A cidade era abastecida por água conduzida por um aqueduto de dezassete quilómetros que a trazia desde o Monte Caramelo. Foi próspera enquanto o império romano foi forte e teve presença local. Contudo, em 614 sofreu o primeiro grande ataque e aí começou o seu declínio, ao ponto de ser completamente abandonada, por virtude das constantes investidas e saques de aventureiros piratas que, já sem a oposição da presença romana, passaram a vagabundear pelo mediterrâneo. No século XII chegaram os cruzados ao local, construindo uma grande fortificação, com quatro torres e um largo fosso de proteção, usando muitas das pedras que conseguiram apanhar nas ruínas visíveis da cidade antiga. No século XIII a cidade foi completamente destruída pelos mamelucos, milícias constituídas por antigos escravos que foram ganhando poder ao ponto de governarem o Egipto de 1250 a 1517. Mais tarde enfrentaram Bonaparte na guerra das pirâmides. Só foram totalmente exterminados por um poderoso general egípcio em 1811.

Após o ataque dos mamelucos, a vida em Cesareia ficou limitada ao espaço da cidadela e a areia foi cobrindo o que restava da cidade antiga, que acabou por ficar escondida durante muitos séculos.

Só a partir de 1940 é que começou a ser redescoberta, sendo possível vermos hoje não só o teatro romano de que já falei, mas também vestígios do porto e do palácio de Herodes, e o muito impressionante hipódromo, seguramente um dos maiores e mais bem conservados no mundo romano.



Aí descobrimos muitas curiosidades, desde as jaulas para as feras e para os gladiadores até às interessantes latrinas, verdadeiramente públicas, isto é, ao ar livre e à vista de toda a gente. É fácil imaginarmos os senhores ali sentados, com o seu escravo à frente disponibilizando o papel higiénico de então: perfumadas toalinhas de linho húmidas, cuidadosamente dobradas e guardadas em cestinhos de verga.

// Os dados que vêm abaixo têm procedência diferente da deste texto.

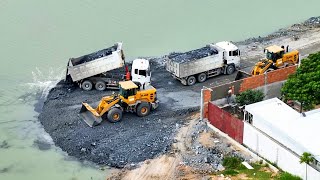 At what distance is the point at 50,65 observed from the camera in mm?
36312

As latrinas. A água corria na caleira de pedra enquanto as pessoas, sentadas, faziam as necessidades.


Percorrido o parque arqueológico, passámos por uma rua bizantina e fomos até ao Porto Café, com vista para a baía, onde nos foi servido o almoço de saborosa comida local.



Acabado o almoço começou a viagem para o Monte Carmelo.

Nota: Herodes o Grande que construiu Cesareia, morreu no ano 4 antes de Cristo. Antes de morrer dividiu o reino pelos três filhos: Herodes Filipo, que ficou rei da Síria e de parte da Judeia; Herodes Antipas, que foi rei da outra parte da Galileia e da Cisjordânia; e Arquelau, a quem os romanos impediram de usar o título de rei que ficou com a Judeia, mas como tetrarca.